EXERCISE DESCRIPTION:
Take the lines from the head of the listing through the one bearing "Upholstered Chaise Lounge in Linen" and copy them exactly, leaving every picture out.

DATA FOR PROCESSING:
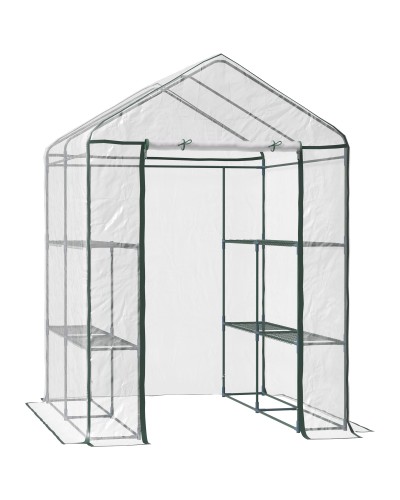  Serra da Giardino Esterno in PVC Trasparente, Serra da Balcone con Scaffali per Piante Orto 1.43 x 1.43 x 1.95m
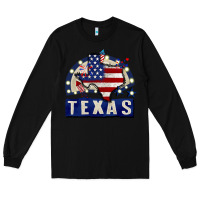 Black texas 4th of july Long Sleeve Tee - CowGirlArtShop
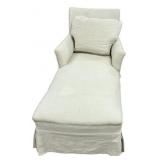 Upholstered Chaise Lounge in Linen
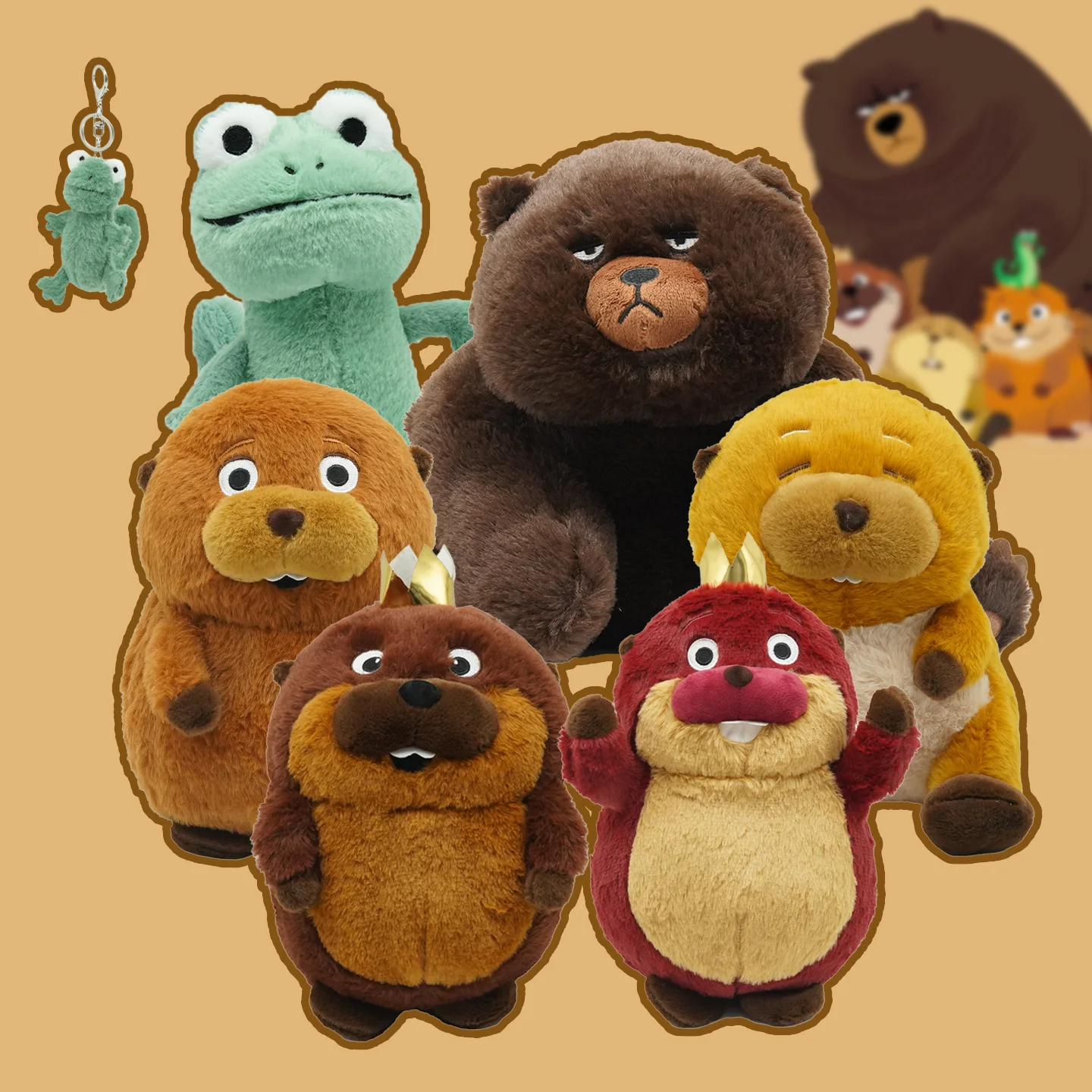 YanQing New Grumpy Brown Bear Plush Toys Lizard Animal Stuffed Toys Anime Peripherals Soft Plushie Birthday Gifts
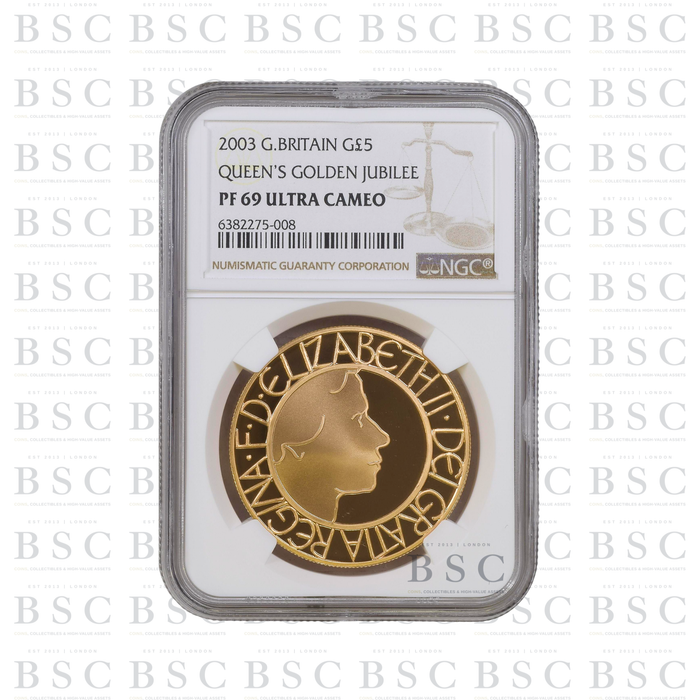 2003 £5 Queen’s Golden Jubilee Coronation Anniversary Proof Gold Coin PF69 NGC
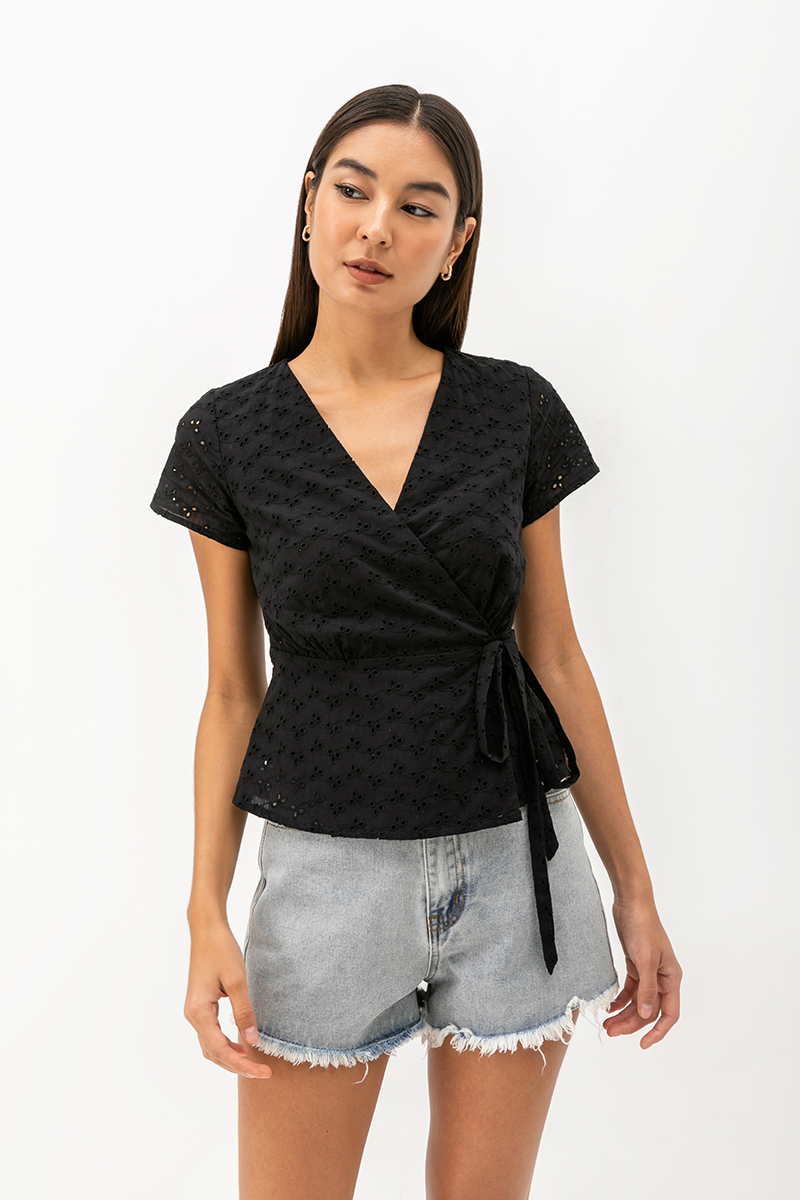 CHARMAINE EYELET WRAP TOP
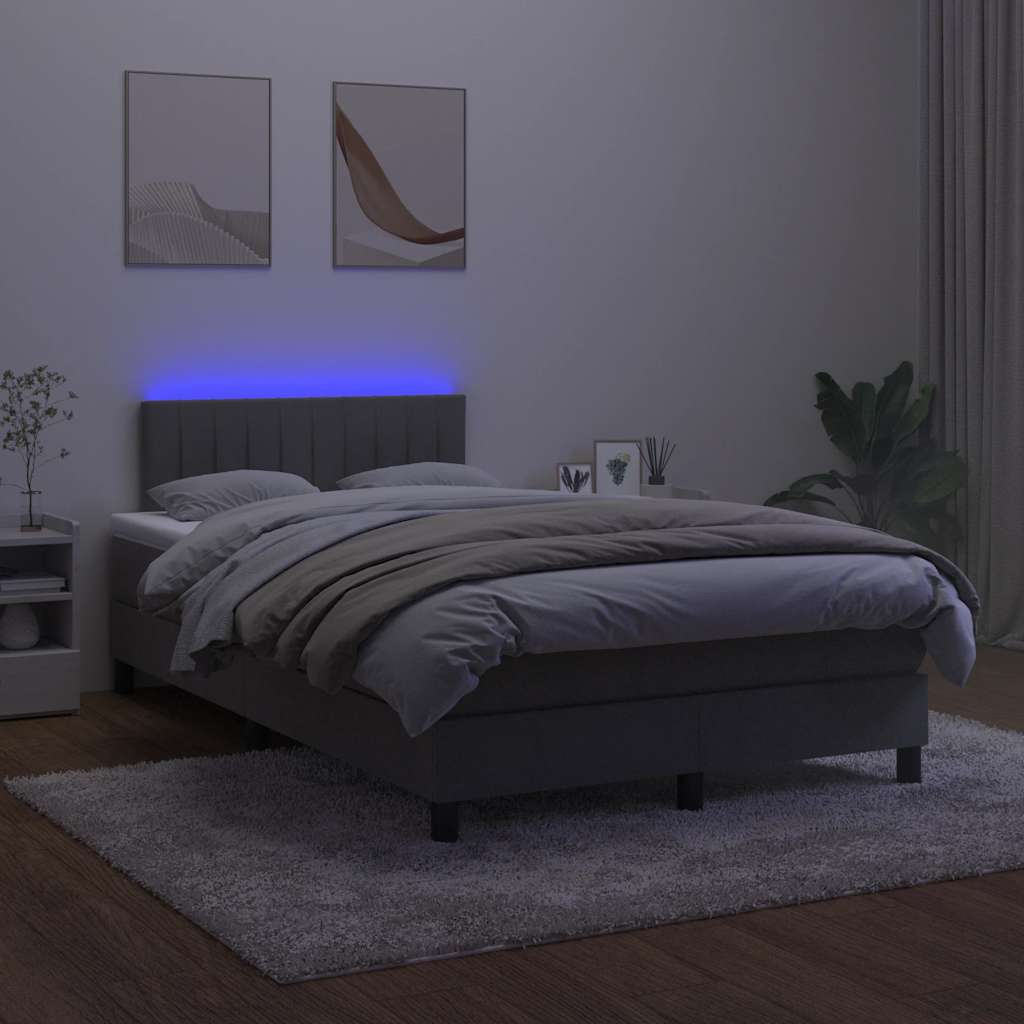 Sommier à lattes de lit avec matelas LED gris foncé 120x190 cm - XIOS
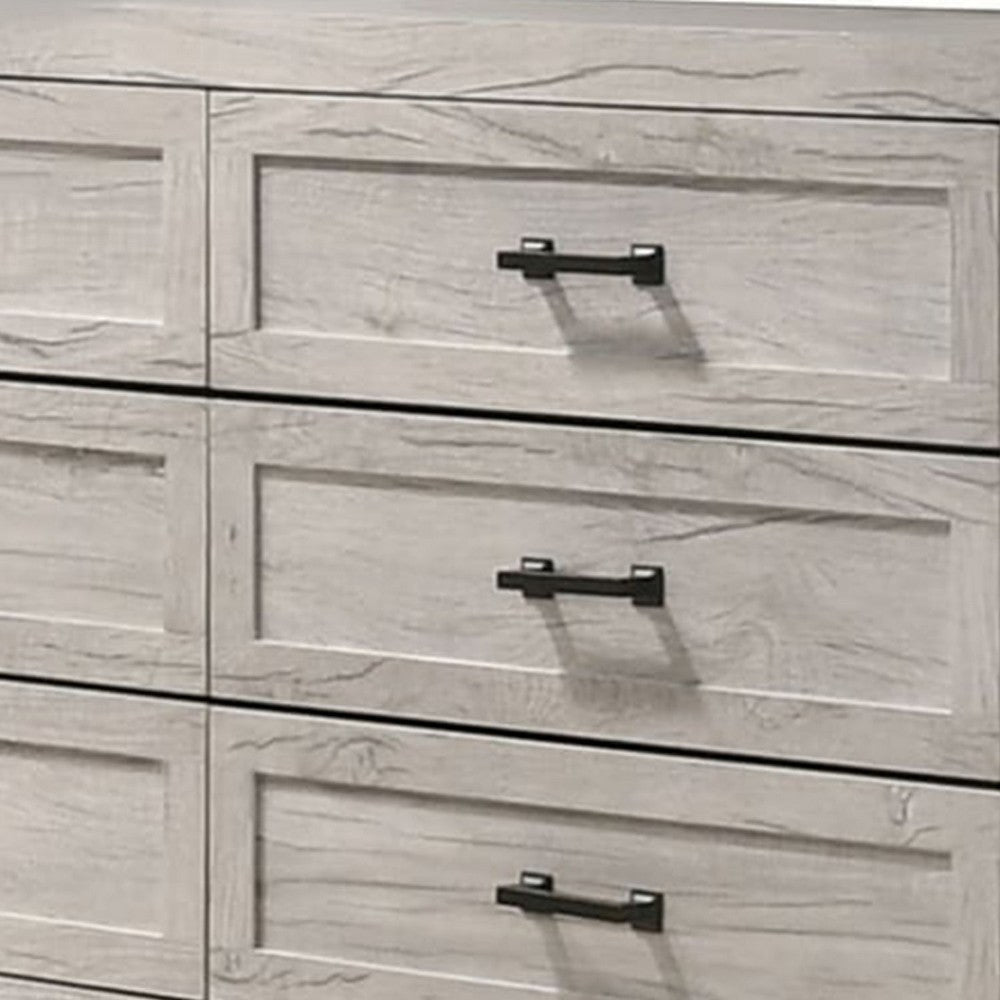 Miot Wide Dresser | 6 Drawers w Metal Handles | White Wash Wood BM339317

EXERCISE SOLUTION:
  Serra da Giardino Esterno in PVC Trasparente, Serra da Balcone con Scaffali per Piante Orto 1.43 x 1.43 x 1.95m
 Black texas 4th of july Long Sleeve Tee - CowGirlArtShop
 Upholstered Chaise Lounge in Linen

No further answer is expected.